The lowest paying jobs in the United States

The American labor market is an ever-changing beast. New job opportunities arise, and others fall away as new technologies are created and existing ones become obsolete.
So what types of jobs will you find in any market? Low-paying ones. The majority of American workers are employed in blue-collar sectors that pay less than $20 an hour.
This makes sense – it’s not uncommon for teenagers or first-time job seekers to take low-paying positions as they begin their careers or explore new fields. However, for many people, these low-wage gigs turn out to be long-term career options rather than stepping stones to something better. In fact, the vast majority of minimum wage workers remain at that wage for at least one year .

Topic Index
  1. Fast Food Workers
  2. Office Assistants
  3. Retail Employees
  4. Home Health Aides
  5. Data Entry and Recovery Specialists
  6. Gaming Dealers and Cashiers
  7. Transportation and Warehousing Employees

Fast Food Workers

While fast food workers often earn more than minimum wage, many have to endure poor working conditions and limited career advancement opportunities, making higher pay not much of a consolation. On average, fast food workers make $9.89 an hour, but many earn less than that due to deductions for things like uniforms or having to take time off due to health issues.

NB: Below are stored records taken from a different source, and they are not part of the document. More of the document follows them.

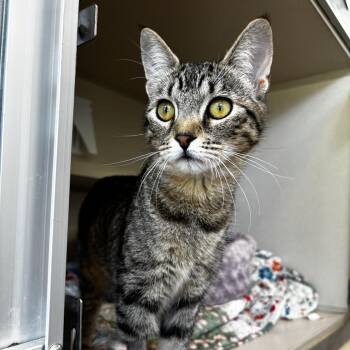 Elizabeth TAILor -  Domestic Short Hair Cat Available for Adoption in Eatontown, New Jersey - Elizabeth TAILor | PetCurious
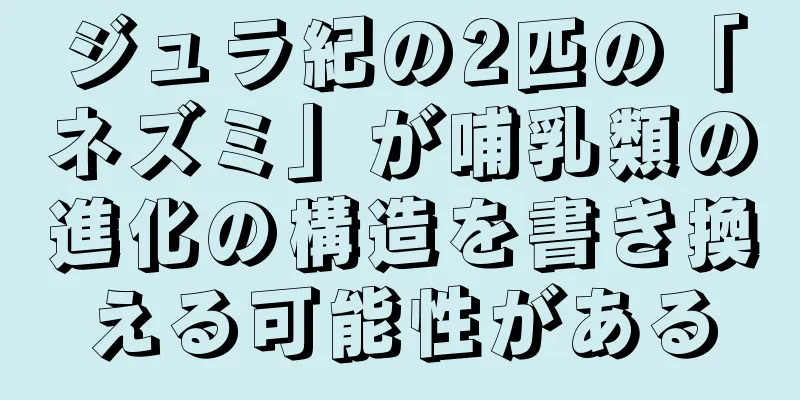 ジュラ紀の2匹の「ネズミ」が哺乳類の進化の構造を書き換える可能性がある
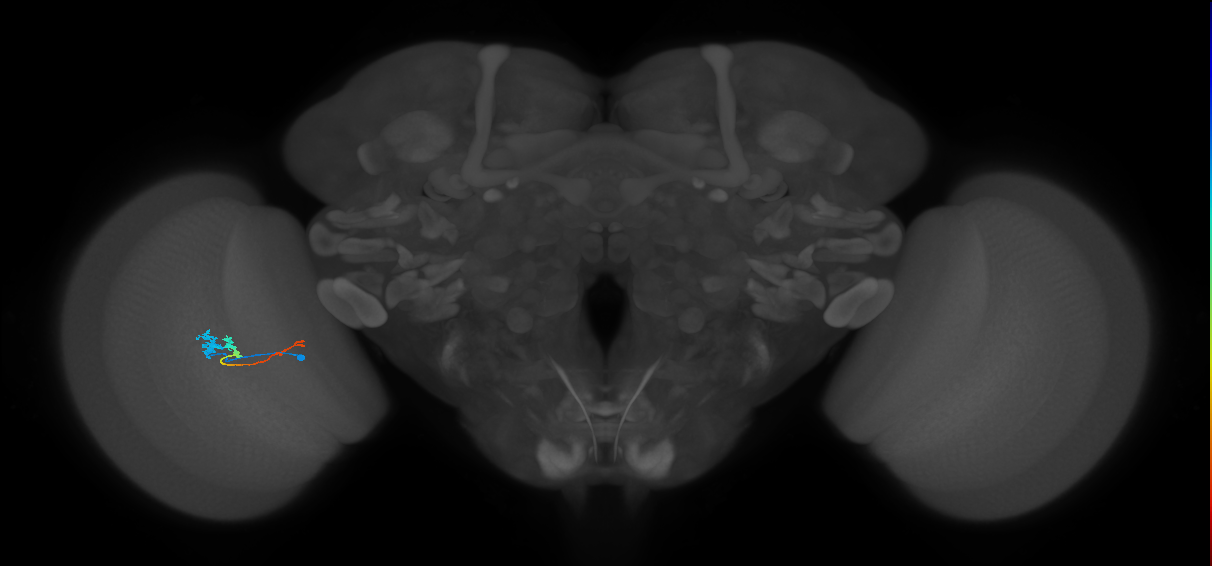 Tm3_L (MaleCNS:27962)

High turnover rates for fast food workers are common due to the fact that most of these positions require only a high school diploma and very little training. While some workers might want to climb the ladder and make the jump to a better-paying position, the lack of career advancement opportunities makes this challenging.

Office Assistants

The fact that a large part of an office worker’s job consists of simply keeping the office clean and stocked with supplies certainly doesn’t translate to a high salary. Office assistants earned a median of $10.65 an hour as of May 2018. While some office managers might be inclined to give their assistants a raise once their probation period is over, others might feel that the job is best suited to entry-level workers.

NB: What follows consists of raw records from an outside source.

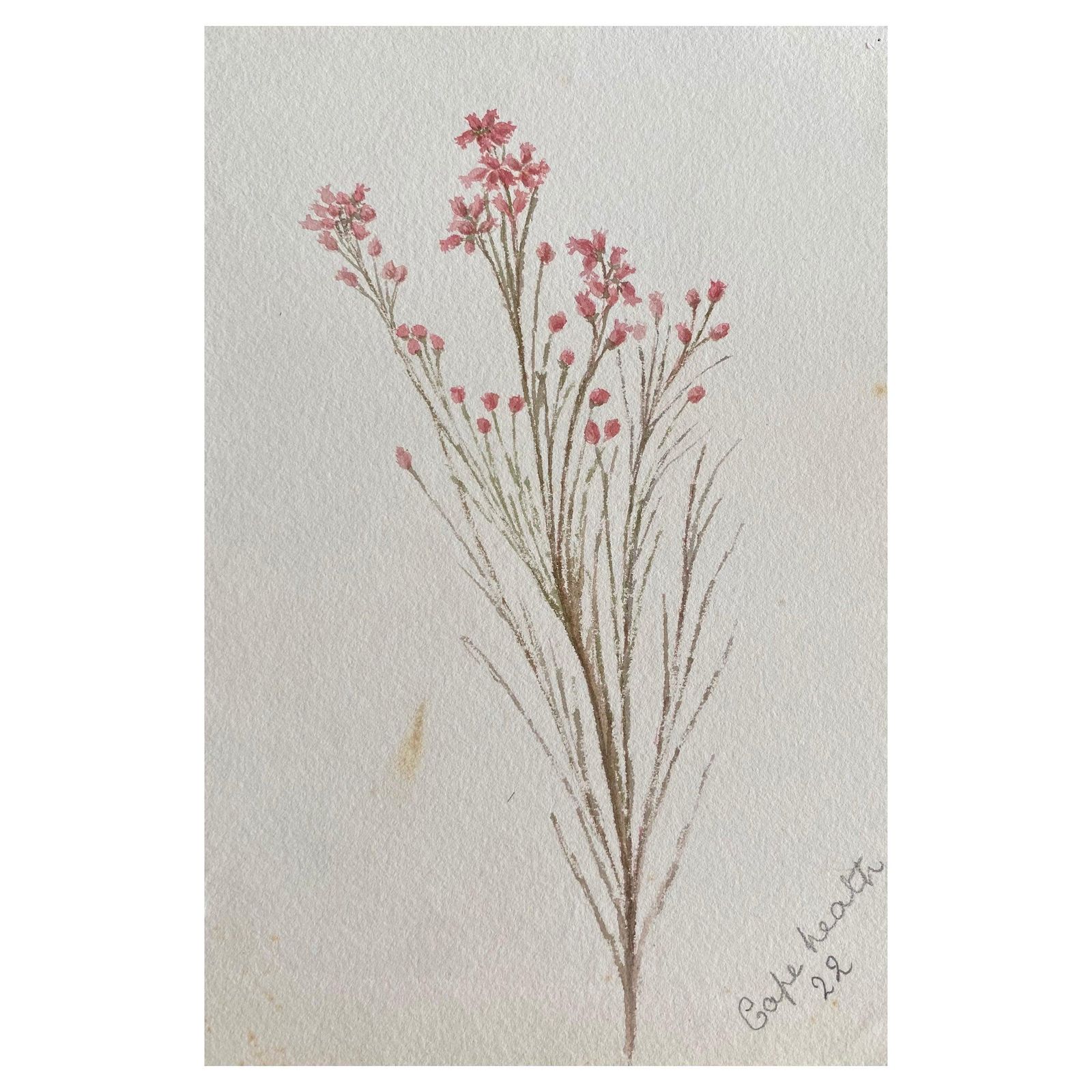 Unknownfine Antique British Botannical Watercolour Painting, Circa 1900'scirca 1900s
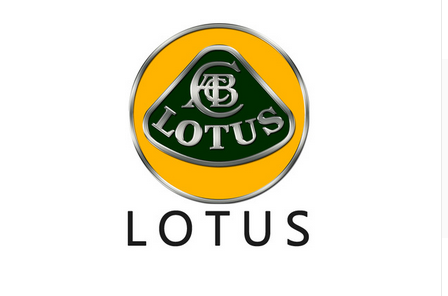 Lotus Flag-3x5 Checkered Lotus Banner-100% polyester-Green - flagsshop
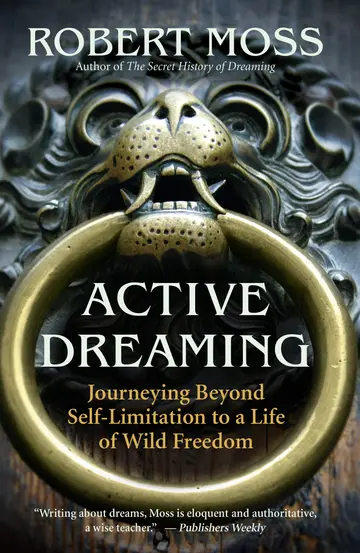 Cover of Active Dreaming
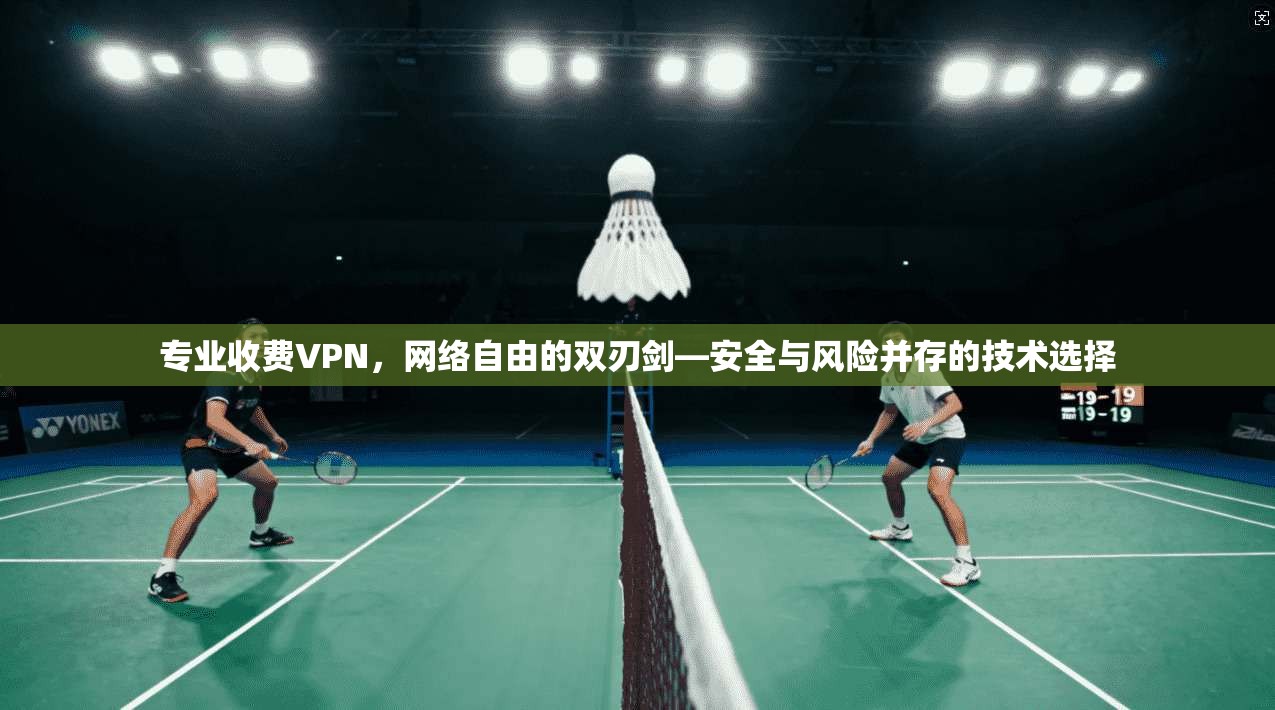 专业收费VPN，网络自由的双刃剑—安全与风险并存的技术选择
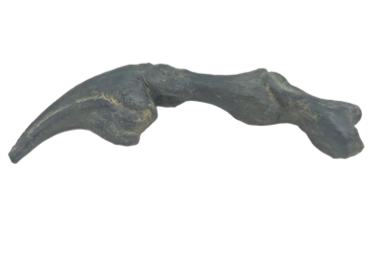 Dinosaur Product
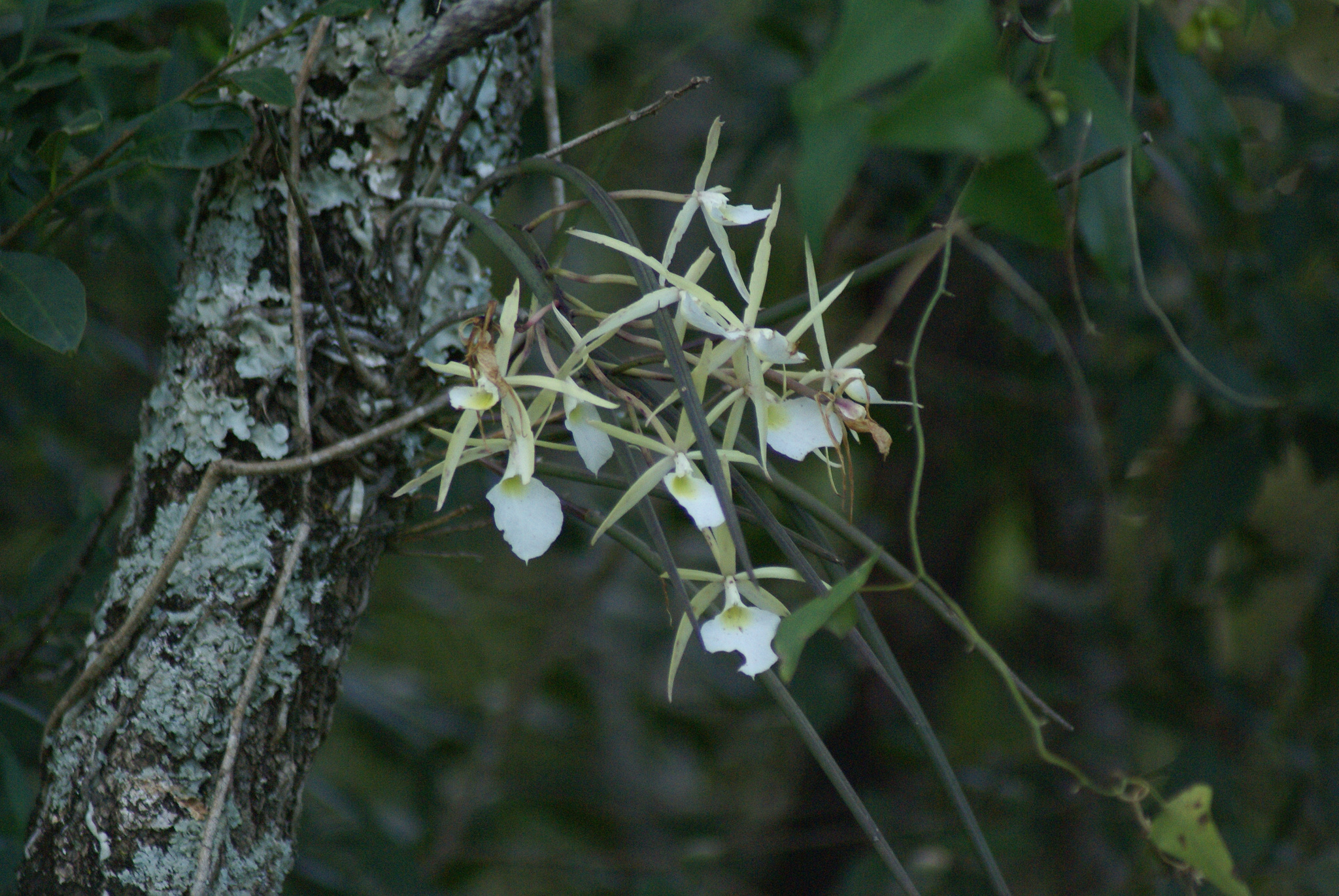 Brassavola tuberculata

While it’s unlikely that you’ll climb the corporate ladder and quickly become a CEO as an office assistant, some workers find satisfaction in the job and are willing to stay there as long as they can.

Retail Employees

Retail workers, including cashiers and stockers, earn an average of $10.89 an hour, according to the Bureau of Labor Statistics. These employees may enjoy the pleasure of meeting a new customer while ringing up their goods, but they often work shifts that include evening or weekend hours and may be required to work on holidays.

Managers may consider the wages of retail workers to be sufficient for the work they do, particularly when considering the fact that many retail workers may not have a college degree. At the same time, though, the constant flow of new workers may make climbing the retail ladder a challenge.

Home Health Aides

What is it about taking care of some people that’s so poorly compensated? The average hourly rate for home health aides is $10.98, and many individuals in this field have only a high school diploma and a minimum of training or experience. Some workers in this field may have the ability to expand their knowledge and perform tasks that are more challenging, but others may find that they are stuck in the same job for a long time.

For those who want to remain in this field and be satisfied with their work, there may be advantages. For instance, many home health aides work independently and schedule their own schedules, which gives them more control over their work life.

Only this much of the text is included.